Analysis: Star dealmaker Edward Lee leaves Wachtell for Kirkland

Wachtell suffers a rare defection as it loses an impressive young partner to the world’s highest-grossing law firm.

Wachtell suffers a rare defection as it loses an impressive young partner to the world’s highest-grossing law firm.


It isn’t often that Wachtell, Lipton, Rosen & Katz, one of New York’s two most prestigious corporate powerhouses, loses partners: its generous lockstep compensation model, collegiate atmosphere, premium client base and high-stakes mandates keep many ambitious partners there for decades. But in a surprise move, M&A expert Edward Lee has just joined the New York office of Chicago-headquartered behemoth Kirkland & Ellis.

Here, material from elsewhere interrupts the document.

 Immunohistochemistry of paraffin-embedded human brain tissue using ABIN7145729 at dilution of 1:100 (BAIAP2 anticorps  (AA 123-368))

Though perhaps too young to be a marquee name, Lee was undoubtedly one of Wachtell’s most impressive partners; we interviewed him last year for a feature. His CV reveals his pedigree: before Wachtell he was at New York’s other elite law firm, Cravath, Swaine & Moore, for 20 months. Less than 15 years after graduating from Harvard Law School, Lee was already a prominent player on some of Wachtell’s, and therefore the world’s, largest deals: he had instrumental roles in Bristol-Myers Squibb’s $74 billion acquisition of Celgene and United Technologies’s $90 billion purchase of Raytheon, as well as acting on smaller but still substantial deals such as Salesforce’s $16 billion acquisition of Tableau Software. Between 2019 and 2020, he advised on over $300 billion worth of M&A. And this is to say nothing of his expertise in shareholder activism.

This is simply the latest chapter in Kirkland & Ellis’s campaign to dethrone America’s most prestigious corporate firms. Having nabbed M&A and shareholder activism experts Jonathan Davis and Eric Schiele from Cravath, Swaine & Moore in 2016 and 2018 respectively, Kirkland enticed David Klein from Paul, Weiss, Rifkind, Wharton & Garrison last summer. No doubt the Chicago firm’s generous compensation helps: Wachtell has the highest PEP (profit per equity partner) in America at $6.3 million, but its closest competitor is Kirkland, which no doubt offered Lee an exciting compensation package. Partner pay at Kirkland is based not on seniority but on performance, so a budding rainmaker like Lee would stand to earn a very high salary indeed.

Kirkland is not without its own losses in M&A: this year, in the space of two months, it lost corporate experts Neal Reenan, Ian Bushner and Kate Withers to Latham & Watkins, the second-highest-grossing law firm in America. But in 2019 it ranked third in the world for M&A by deal value, behind Wachtell and Sullivan & Cromwell. It already has volume on its side – last year, it handled 663 deals compared to Wachtell’s 69 and Sullivan & Cromwell’s 154 – and it’s been handling higher-value deals for some time now. It likely won’t be long until it takes the number one spot.